Much of my life is controlled to keep the balance between depression and anxiety, so trusting myself to let go enough to relax was a difficult experience, but once I embraced my surroundings I felt clearer than I had in a long time. People often talk about finding themselves in Goa and, though I would not go that far, it was the perfect place to reboot.
After a few days I relaxed into the pace of life, each day melted into the next, following a similar pattern. We spent our time, reading, writing and talking with jewellery sellers along at Cafe Nirvanna whilst hiding from the sun during the day.
In the evening we switched up the routine slightly by picking a different beach restaurant to dine at each night. By the end of the week we concurred that Nirvanna was the best place to relax during the day, Cuba served up the most delicious biryani and Dropadi was the place to go for a more upmarket meal.

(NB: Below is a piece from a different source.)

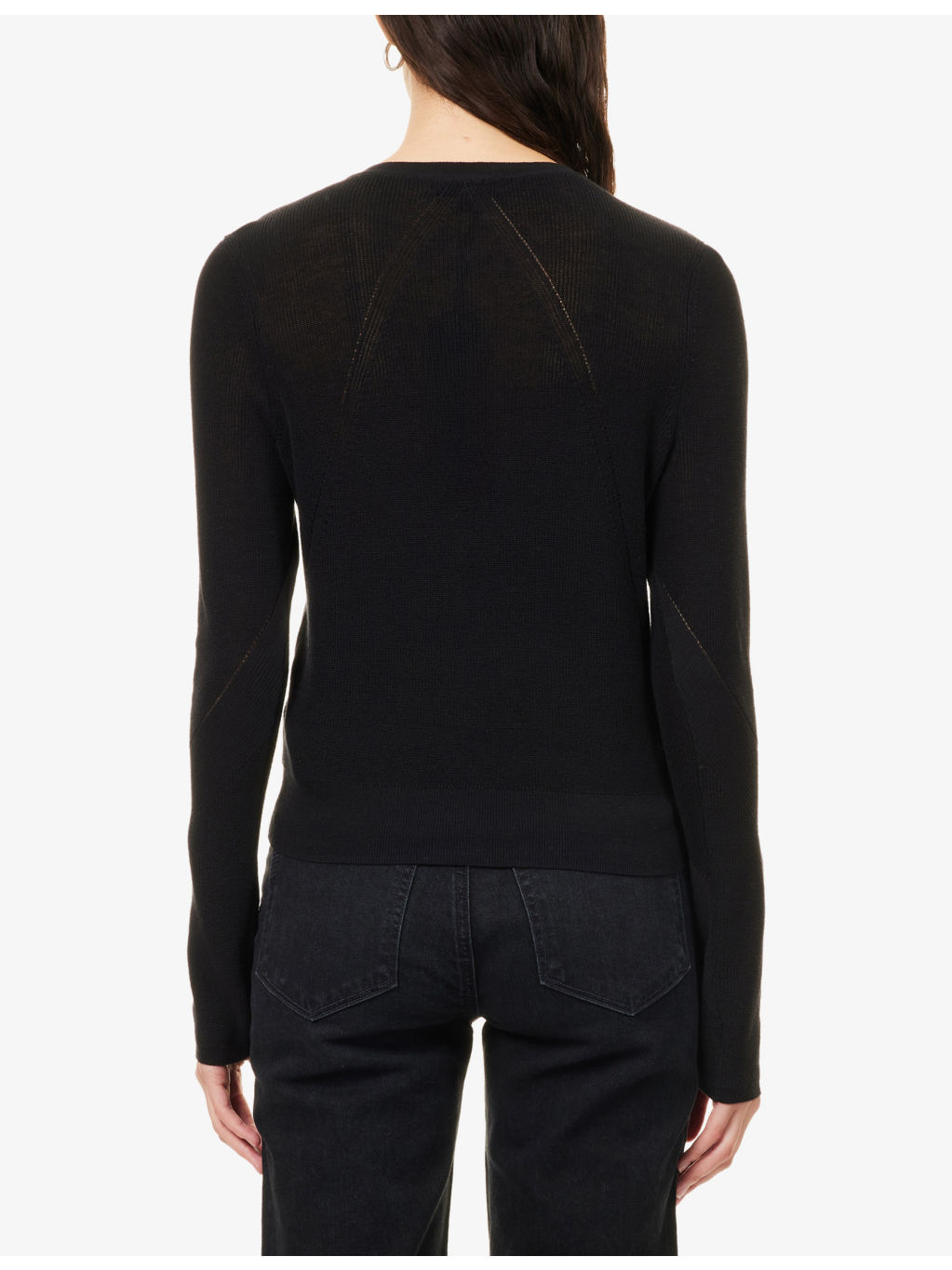 Dina Round-Neck Cotton-Blend Cardigan - 4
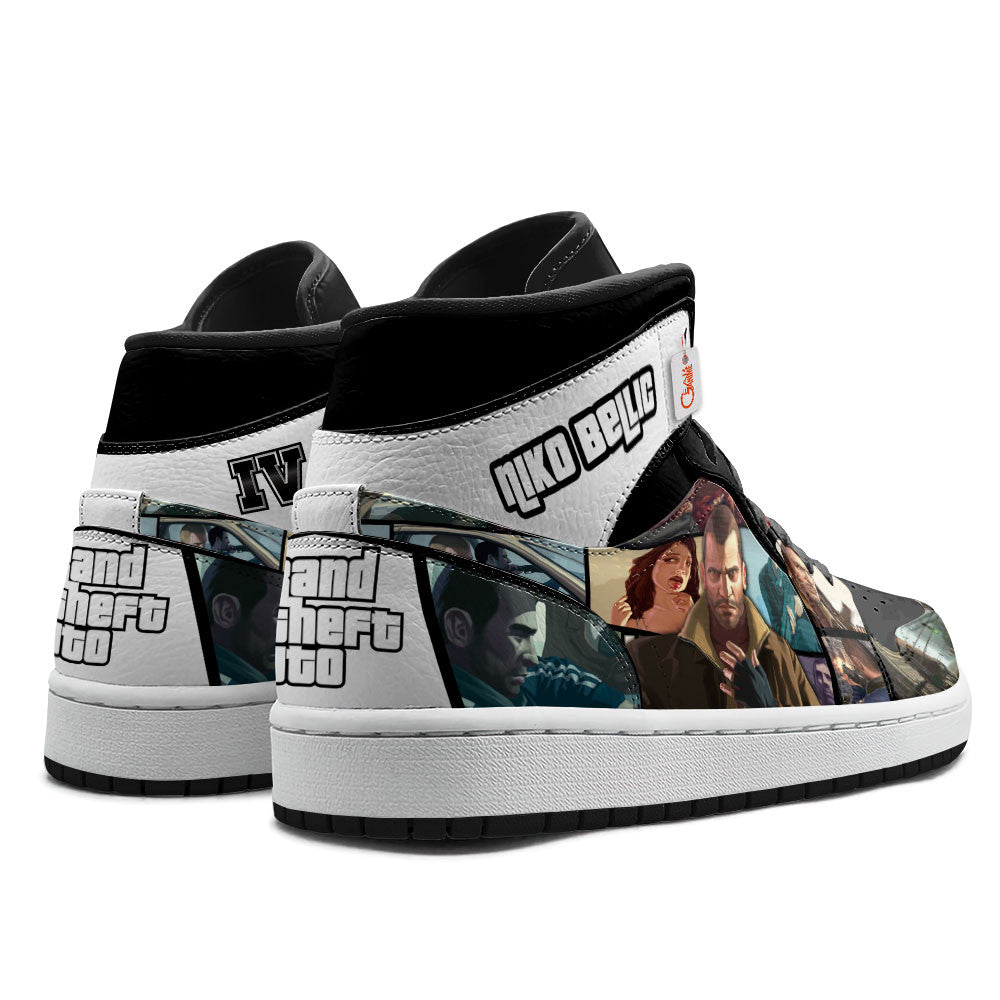 Niko Bellic High-Top Sneakers Custom GTA Game Collection Personalized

The most eventful things that happened in our week stay were: two dogs having a 4 hour wrestling match on our porch and Pablo and I having a passionate discussion about what we want from life.
We could have joined in with the party scene (which due to a 10pm curfew on noise is made up of giant headphone discos) but instead we embraced the tranquility and kept our evenings low key.
I always thought a beach holiday was my idea of hell, however, taking time out to do nothing meant that I was given the opportunity to see things differently. I disconnected from my phone and was able to fully appreciate the simplistic beauty of my surroundings.
Despite visiting at completely the wrong time of year, and being much less active than my original plan, our trip to Goa was an unexpected success and is somewhere I would love to go back to for a prolonged period of time.
Have you guys been anywhere that you unexpectedly fell in love with?